Heat treaters of old were onto something heating and cooling in steps to reduce distortion. But salt processing may save the day!


Maybe our grandfathers had it right after all when it comes to controlling distortion in heat treating. Before there was X-ray defraction, Computational Fluid Dynamics (CFD), and microscopes, heat treaters of old knew that the way to reduce distortion in steel was to heat and cool in steps. And the most critical item they heat treated was their tools. I’m referring to salt bath heat treating. They knew that the only way to keep a straight tool straight was to heat it in multiple steps of increasing temperature salt pots followed by quenching in decreasing temperature salt. The major advantages of salt are high heat transfer and no vapor phase, the problematic initial segment when quenching into oil or water.

Through experimentation they found that by quenching in salt at a temperature just above the martensite start point (Ms) the transition to martensite in a complex part could be controlled, resulting in the ability to predict the dimensional change. Since no vapor phase can cause dissimilar cooling rates in gears, for example, the gear shape can be maintained even though the entire part’s volume will grow slightly from the formation of martensite; in heat treating the “Holy Grail” is predictability from part to part and load to load. It’s safe to say that a huge portion of the improvements over the millennia to furnace design and computerized control of the process is designed to reduce the variation between heat treated parts.

When people think of heat treating, and especially hardening, distortion is the parameter they fear most. Carburizing is easy compared to predicting how a part, especially one that has teeth or a spline, will react when quenched.

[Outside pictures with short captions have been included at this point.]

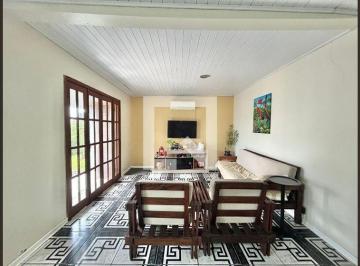 Casa · 88m² · 2 Quartos · 1 Vaga · Casa à Venda - Rincão, 2 Quartos, 88 m² - Novo Hamburgo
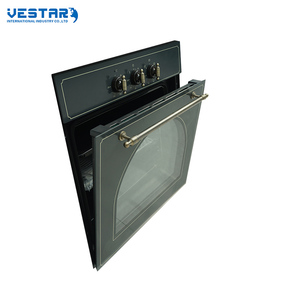 Lò Tích Hợp Khí Điện Dễ Vận Hành Tiết Kiệm Năng Lượng Yên Tĩnh Dung Tích Lớn Cho Gia Đình - Product Image 3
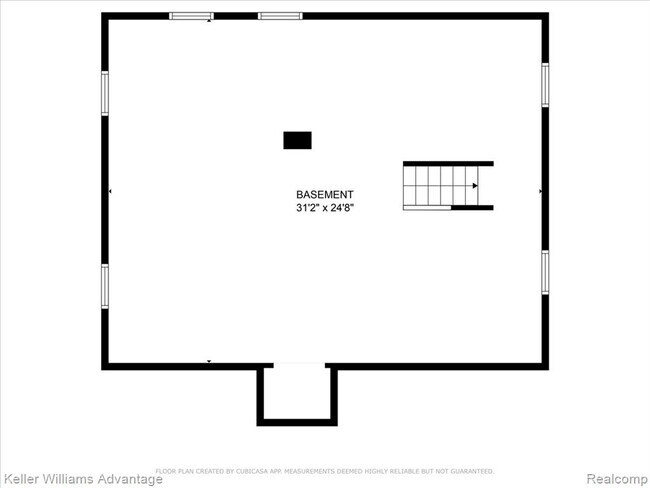 Building Photo - 1023 Amelia St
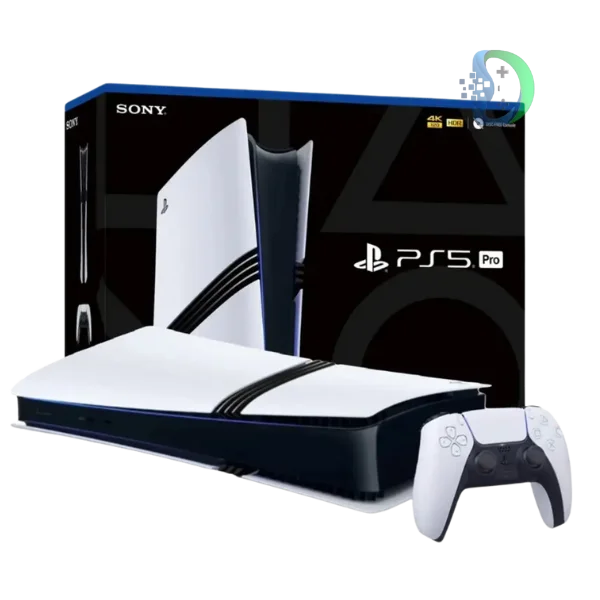 PS5 PRO 2TB - PlayStation 5 Pro 2TB - Image 2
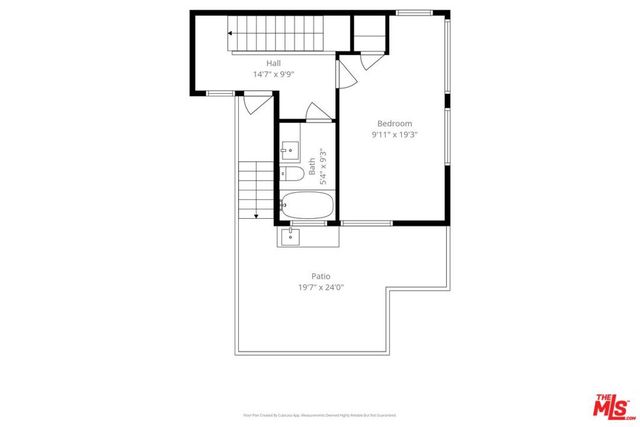 122 Mildred Avenue, Venice, CA 90291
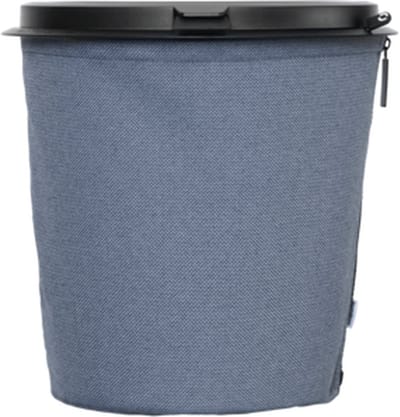 Flextrash Mobiele Vuilniszak blauw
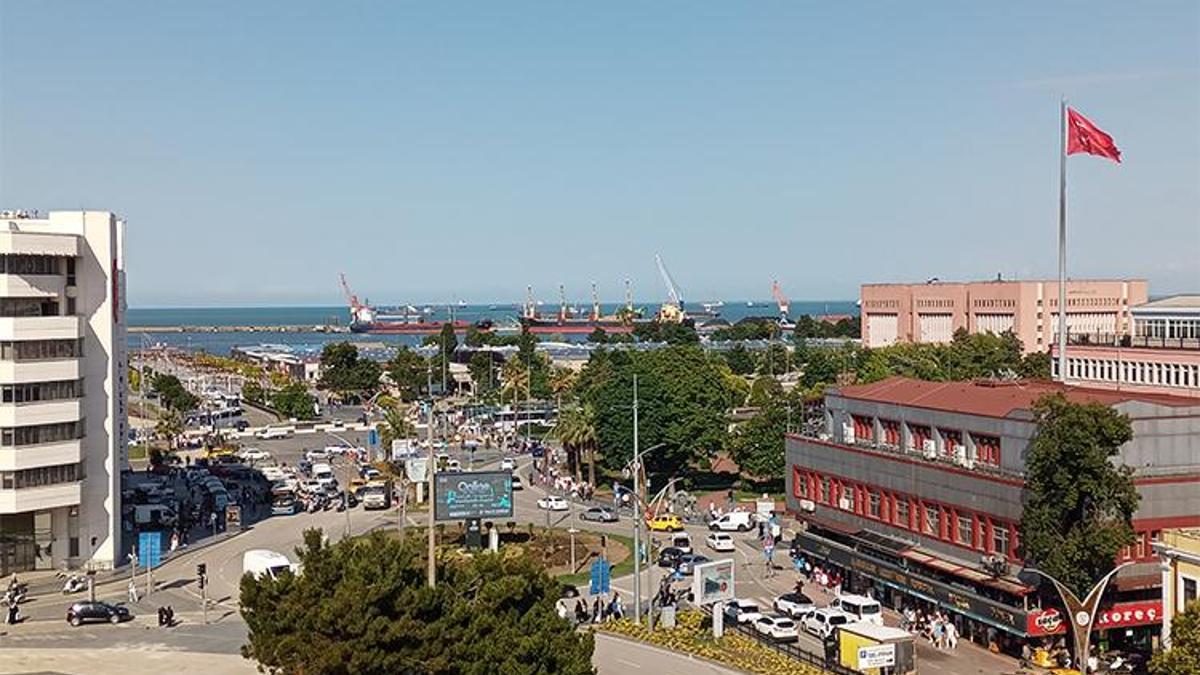Sürücüler dikkat! Samsun'da 1 Temmuz'da başladı: Sıfır tolerans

With the resurgence of the automotive industry worldwide, and the emphasis on mileage improvement especially in the U.S., transmissions—or, more precisely, the gears within them—are attracting a lot of attention. Just last month the new Corporate Average Fuel Economy standard demands that manufacturers deliver a fleet average of 54.5 miles per gallon by 2025; that’s only 13 years away. Obviously the engine has a great deal to do with attaining that number, but unless the engine torque can be transmitted efficiently to the car’s wheels it won’t happen. And how many electric cars will be on the road by then? I have a 77-mile one way commute to work, so an electric car will not work for me unless battery technology improves big time. By then I hope my commute is to the golf course and back.

I’ve written about LPC and high pressure gas quenching (HPGQ) as the “new” method of reducing distortion when quenching gears. I’ve also explained that vacuum heat treating was thought to be the new technology that could simulate the salt bath process, but it’s not that easy. Heating in steps is not difficult, but step cooling is if you’re looking for precise control. The problem when gas cooling, even at 20 bar in helium, is uniform heat transfer from part to gas, and that’s where salt has no equal. Why? Because it’s a liquid with no vapor phase.

Case in point: A few years ago when troubleshooting a distortion issue with a special truck ring gear the run-out specification was not conforming, even though the spline taper and back face flatness were within spec. Helium pressures were changed, and reducing the number of parts in the load helped some, but then production suffered and didn’t completely solve the problem. I suggested an interrupted quench to simulate the salt process. Gears by design have a keyway or spline, and either way the bore diameter must be maintained; you can’t grind the ID. The problem here was the run-out to inspect the contact area between the drive pinion and gear. If the load force between the pinion and gear is not precisely located on the tooth profile, uneven wear leads to premature failure, excess noise, and bearing wear.

By observing the load during the quench at 20 bar through the view port of the quench chamber I was able to estimate the time it took for the teeth to turn black, probably more like 950°F, while the teeth roots were still deep red at about 1250°F to 1300°F. From that data I drew a cooling curve on the TTT diagram for the steel and located the time to reach a point about 50°F above the Ms point for the teeth PD. I instructed the engineers to turn off the cooling fans at that time for about 10 seconds, just enough time I felt to allow the teeth and root area to equalize, and then enable the fans again. The result? Problem solved. Gear load production went from 12 to 25, and all conforming to the run-out spec.

Experience with salt processing saved the day. If no other way works, salt does, and cost effectively. The high pressure quench chamber by itself today would cost in excess of $1,000,000. High pressure gas quenching can work, but it is no match for press quenching. And if the transmission load is within limits, nitriding is the best since no oil is required.